In your work, a tension can be perceived between devotion and dissidence. How do you negotiate the boundary between the sacred and the profane?

In my work, I feel the need to return to rock art, to the images I carry with me. From the moment prehistoric humans became aware of death, they felt the need to leave a trace—marking a red hand on the cave wall using a stencil, a symbol of vital blood. Paleolithic man, a hunter-gatherer, experienced a mystical feeling in the presence of the animal—a form of spiritual magic and rituals linked to creation. In this way, the cave becomes sacred through the abstract representation of death and life, procreation, the Venus figures… Thus, art is born. In my interpretation, art is sacred by essence, because it reveals humankind as a creator.


Between Dog and Wolf II. 2025. Oil on canvas. 97 × 70 cm.


Traces of the Spanish Baroque tradition can be seen in your work. What do you find in it that remains contemporary today?

Yes, elements of the Spanish Baroque tradition are present in my work. In the history of art, for example, I think of Arab-Andalusian mosaics, in which I find a geometry of forms that feels profoundly contemporary. In Spanish Baroque painting and sculpture, one recurring theme is tragedy: death and the sacred are intensely embodied, whether in religious or profane subjects, in artists such as Zurbarán, Ribera, El Greco, and also Velázquez. I am thinking, for example, of the remarkable equestrian painting of Isabel of France, with its geometry and nuanced portrait that illuminates the painting.

When I think about sculpture, the marvelous polychrome sculptures of Alonso Cano, Juan de Juni, or Pedro de Mena come to mind—works in which green eyes are inlaid, along with ivory teeth, horn fingernails, and eyelashes made of hair. All of this has undoubtedly influenced my sculptural practice, both in its morphological and equestrian dimensions. Personally, in my work I inlay porcelain elements into carved or painted wood.

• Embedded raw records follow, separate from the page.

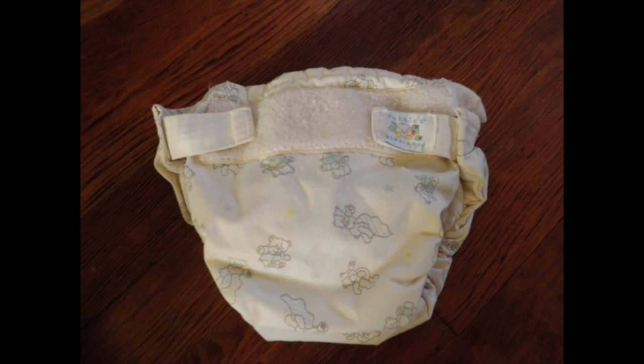There are also pocket diapers, which are an outer shell with a cloth insert that you fold inside. When you wash, you take the insert out. The benefit is that they dry quickly and are simple to use. Then there's the all-in-one style, which is basically just like a disposable diaper — you put it on and take it off. They have their pros and cons; we found they didn't fit our children the best, but for other people they work great.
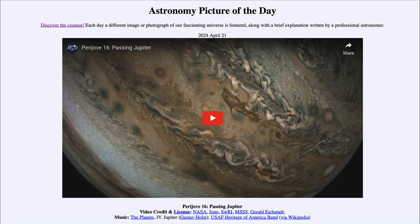That was our picture of the day for April 21st of 2024, titled Perijove 16 Passing Jupiter. We'll be back again tomorrow for the next picture, previewed to be a volcano emitting rings — so we'll see what that's about tomorrow. Until then, have a great day everyone, and I will see you in class.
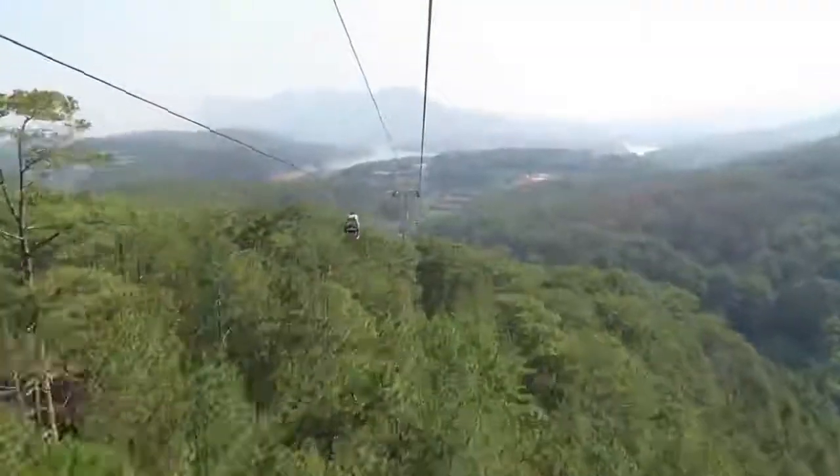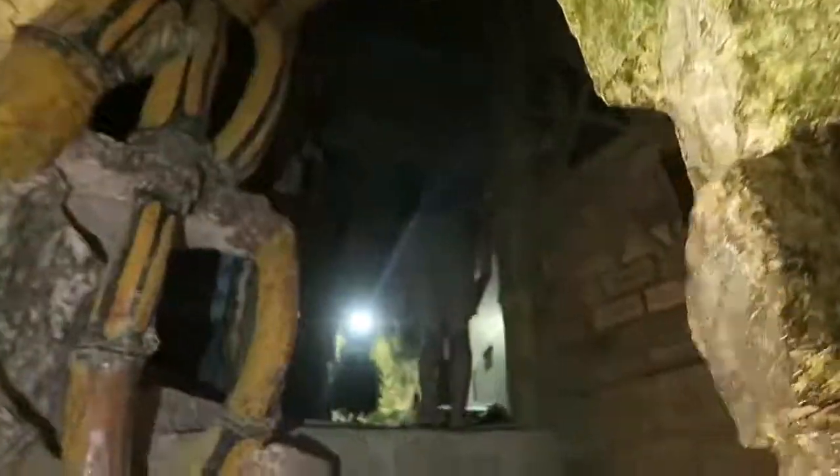We also went up to the cable cars in the mountains, which was very beautiful — seeing the Vietnamese countryside. And then we went to the weirdest place I've ever been to in my entire life. It's like a bar that's a maze with about six storeys. You'd have to go there to experience it — it's called 100 Roofs Cafe. You get to the top and can see the city view. If you do go to Dalat, make sure you visit it. One of the best and weirdest things I've ever been to.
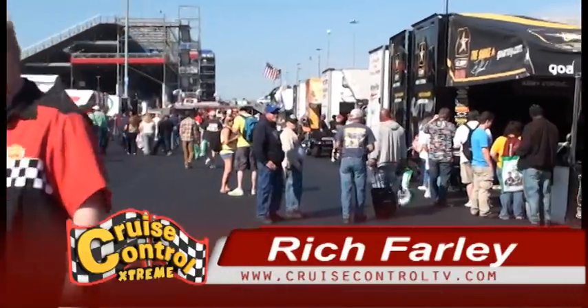We're here at Z-Max Dragway for the NHRA 4 Wide Nationals. I'd like to welcome Jack Beckman back to Cruise Control Extreme. For the four wide nationals, do you prepare any differently than another track? From the crew chief's standpoint, nothing's changed — you try to run as good as you can. From a driver's standpoint, the staging deal is completely different. You have to spend a few moments looking at that Christmas tree and remembering the lanes are numbered left to right, one through four. The stage and pre-stage lights are that way. If you're in the outside lanes nothing's changed, but if you're in the inside lanes, you're looking across the tree — and that got real confusing for a few drivers last year.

Between Dog and Wolf I. 2025. Oil on canvas. 97 × 70 cm.


What interests you about that threshold between the recognizable and the abstract?

For me, any representation in painting or sculpture is abstract. What imposes itself is the architectural construction of space, its secret geometry, and the emotion produced by color. It is, in a way, a displacement of the real in order to reach that sensation.


The Anatomical Angel. 2013. Ash wood and porcelain. 90 × 15 × 160 cm.


Your work seems to move between silence, abandonment, and return. What draws you toward these intermediate spaces?

I believe it is by renouncing the imitation of external truth, by refusing to copy it, that I reach truth—whether in painting or in sculpture. It is as if I were looking at myself within my own subject in order to better discover my secret, perhaps.


Justa. 2019. Polychrome oak wood. 240 × 190 × 140 cm.


To what extent do you plan your work, and how much space do you leave for the unexpected—or even for mistakes?

It is true that, on occasions, I completely forget the main idea behind my painting and sculpture. Although I begin a work with very clear ideas—preliminary drawings and sketches, preparatory engravings, and a well-defined intention—I realize that, sometimes, that initial idea gets lost. It is not an accident. In some cases, it has to do with technical difficulties, but nowadays I also accept starting from a very specific idea and, when faced with sculpture, wood, or ceramics, having to work in a different way. I accept that.